The Suzuki Swift Sport has long been a car embraced by serious drivers who know a great handling hot hatch when they see it. Though not especially powerful, it's agile, chuckable and brilliant fun for not a lot of money. Few potential buyers know this, so the idea with this third-generation model is to widen its appeal with a smarter interior, lower running costs, a little more grunt and even sharper handling. For all that, it'll still be a well-kept secret in this segment, but one loyal buyers will enjoy hugely.

The Swift Sport has never been about pure power. Suzuki could easily shoehorn a 200bhp engine into the thing if it pleased, but that would just make it uninsurable for younger drivers. Instead, and rather sensibly, engine power has been modest, the latest car massaging peak horsepower up from the old car's 134bhp to a still distinctly manageable 138bhp. More important is the news that to achieve this, the old normally aspirated 1.6 has been replaced by a lighter and more efficient 1.4-litre Boosterjet turbo unit. Straight line performance improves marginally and there's 70Nm more torque (230Nm of it), but Suzuki has devoted much of their attention - and rightly so - to developing the Swift's chassis dynamics so it offers even more poise and control.
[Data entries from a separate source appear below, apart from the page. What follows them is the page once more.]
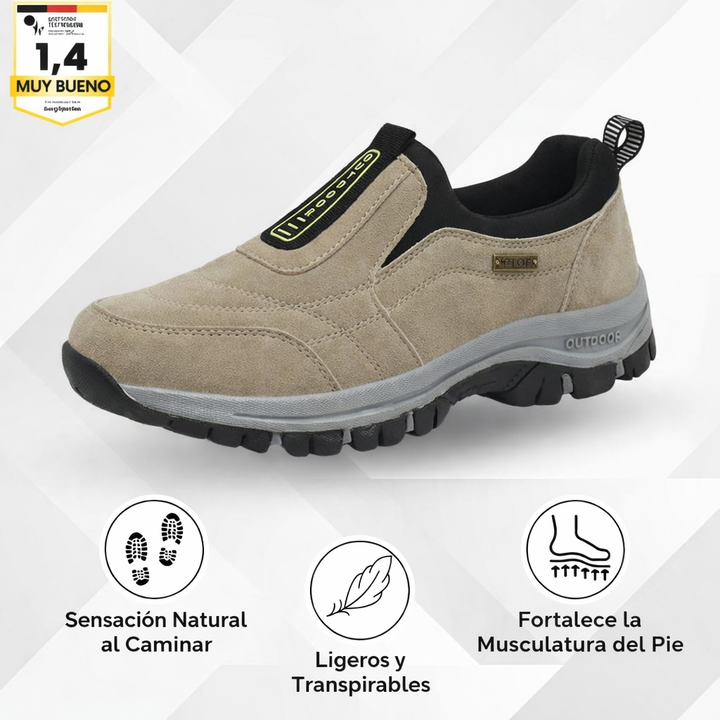 FeelFree™ – Ortopedické pohodlné boty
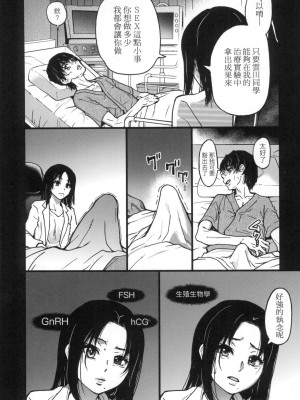 [風的工房][無碼][師走の翁] 僕の精液で本復快癒!! 靠我的精液本復快癒!! 無修正_風的工房208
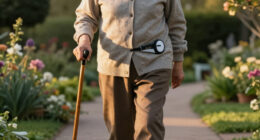 5 Best Elderly Fall Prevention Devices in 2026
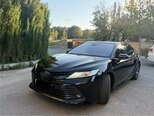 Toyota Camry-4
The suspension set-up has been completely revised in a bid to offer greater driving stability, optimized roll rigidity, and improved dynamic response. And it's all bolted to the much stiffer, lighter 'HEARTECT' platform that underpins the ordinary Swift model. There's a total kerb weight of just 970kgs. To give you some perspective on that, a rival Renault sport Clio 200 EDC weighs over 200kgs. Which is why this Suzuki can match the performance of that Renault, despite offering considerably less power. Have cake; eat it. Simple.
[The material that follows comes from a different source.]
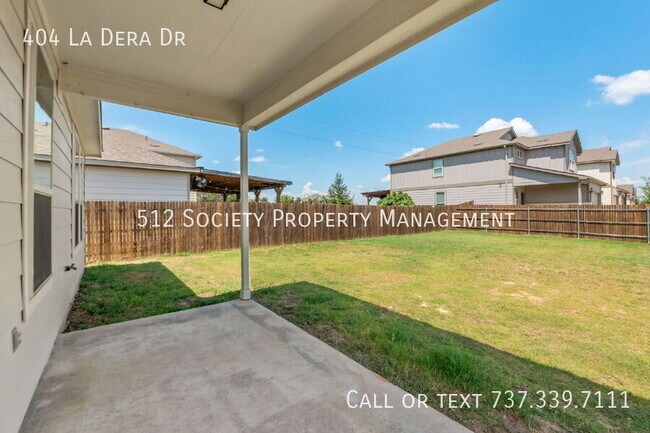 Building Photo - 404 La Dera Dr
This Swift Sport features an exclusive frontal design. The front grille and bumper project the nose beyond that of the standard Swift, conveying what the brand hopes is a sense of tautness and imminent action. Muscular shoulders, blacked-out A-pillars and vertically arranged front and rear lamps are brought into vivid relief in this top variant, with black aerodynamic under spoilers spanning the front, sides and rear, and a roof-end spoiler at the back.

Inside, the Japanese designers have tried to create an immersive, interactive sports driving environment, starting with red interior accents and a driver-oriented instrument panel. The main gauges feature contrasting colours, while evocative boost and oil temperature gauges aim to enhance the sports driving experience. Cabin quality can't hope to match that of pricier supermini hot hatch rivals, but it's a big improvement on the previous generation model and the semi-bucket-shaped front seats look good, while the D-shaped steering wheel with dimpled leather gives a secure grip. The chrome-finished shift knob and sports alloy pedals add a final classy touch.

Like many hot hatch buyers at the affordable end of this sector, I'd forgotten about Suzuki's Swift Sport before I checked out this one. Big mistake. Here, you get old-school GTi fun without old-school crudeness. You even get relatively old-school pricing. You won't be moved to buy one after looking at the specs in the brochure but take a test drive down your favourite back road and I guarantee you'll see this car a whole lot differently.

I don't think we should under-estimate the scale of this Japanese brand's achievement here. Bringing a hot hatch up to date usually means increasing its weight, price and complexity. None of which has happened here. Leaving the Swift Sport as a car you buy if you've nothing to prove as a driver but everything to gain from driving it. Please don't change this car Suzuki. Don't make it faster or more hi-tech. It's already the way every real shopping rocket should be.